Chinese actress (born 1938)

Wu Yanshu (吴彦姝; born 1938) is a Chinese actress. Wu is considered a National Class-A Actor in China.

Wu first garnered recognition for her acting in 2016, when her performance in Finding Mr. Right 2 and earned her a Golden Horse Award nomination for Best Supporting Actress. Her film breakthrough came in 2017 with her performance as the grandmother in the drama film Love Education, for which she received Best Supporting Actress nominations at the 54th Golden Horse Awards, 37th Hong Kong Film Awards and 12th Asian Film Awards. For her role in Relocate, she won a Best Supporting Actress at the 31st Golden Rooster Awards, the Chinese equivalent of the Academy Awards.

==Early life==
Born in 1938, Wu worked at Shanxi Drama Theatre since the 1960s. Premier Zhou Enlai invited her to perform Liu Hulan in the Great Hall of the People in Beijing. She retired in 2003. In 2011 she moved to Beijing, living with her daughter.

==Career==
Wu's first major film credit was Stream Is Singing, playing the role of Gao Xiaoling. The drama film was produced by Changchun Film Studio.

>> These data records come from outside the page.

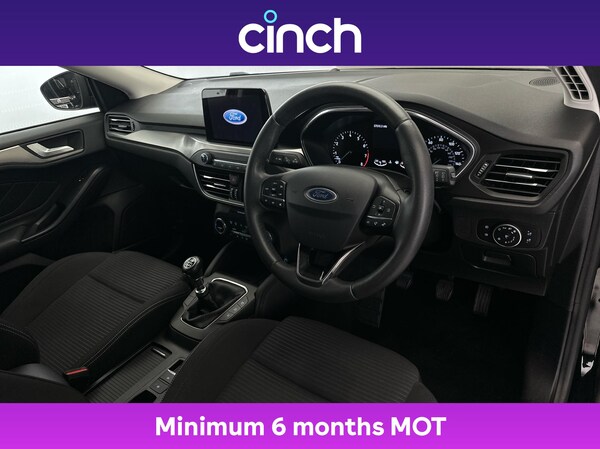 Used Ford Focus 2019 for sale - 76251811: Photo 12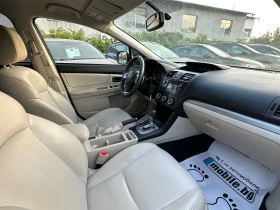 Subaru XV 2.0 Limited 4х4, снимка 9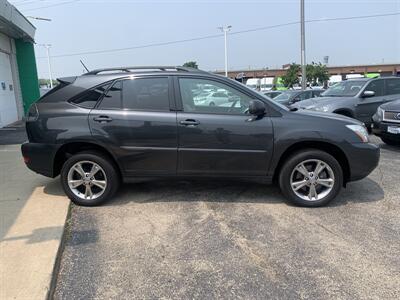 2006 Lexus RX 400h   - Photo 3 - Palatine, IL 60074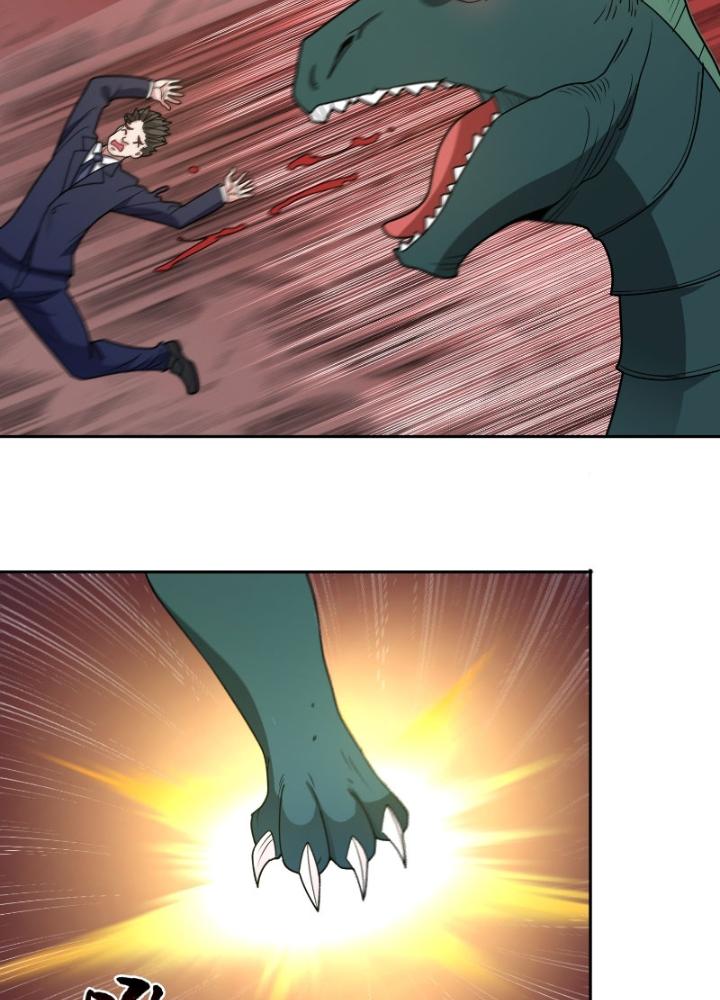 Ngự Thần Trùng Sinh Chapter 65 - Trang 2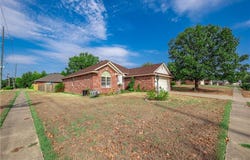 101 Horizon LN, Alma, AR 72921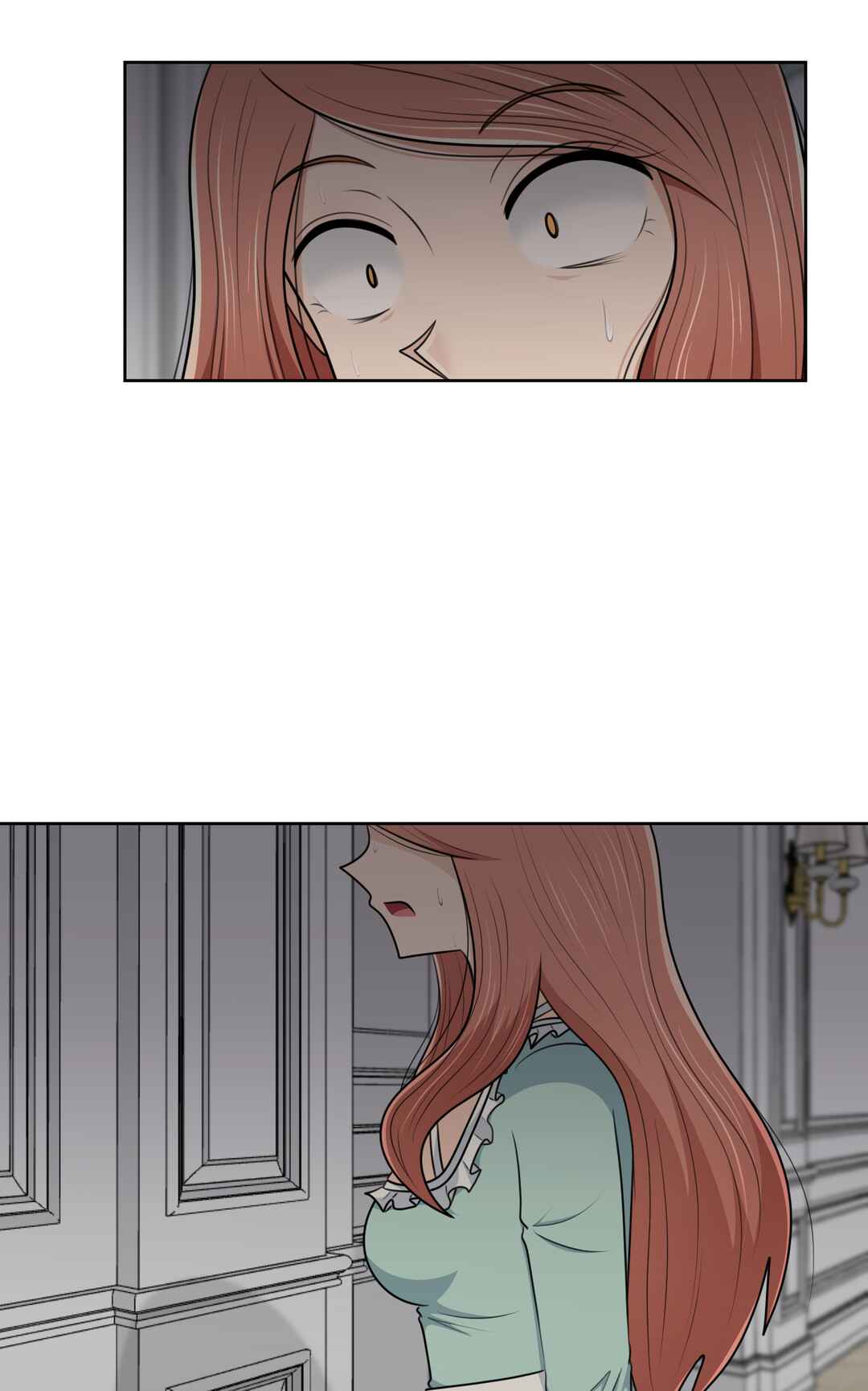 SAVING YOU Chapter 29 - Page 39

In 1982, she guest-starred on Men of a Certain Age, a drama film starring Da Shichang and Pan Hong.

Wu had a supporting role in the comedy television series The Story of Xi Gengtian (2006), which starred Lin Yongjian as Xi Gengtian.

In 2011, Wu had a cameo appearance in Journey to the West, adapted from Wu Cheng'en's classical novel of Journey to the West, one of the Four Great Classical Novels in Chinese literature.

Wu appeared as Yu Lan in Love is Not Blind (2013), a romance drama starring Yao Di and Zhang Mo.

In 2016, Wu played the role of Tang Xiuyi in Xue Xiaolu's film Finding Mr. Right 2, for which she received a Best Supporting Actress nomination at the 53rd Golden Horse Awards.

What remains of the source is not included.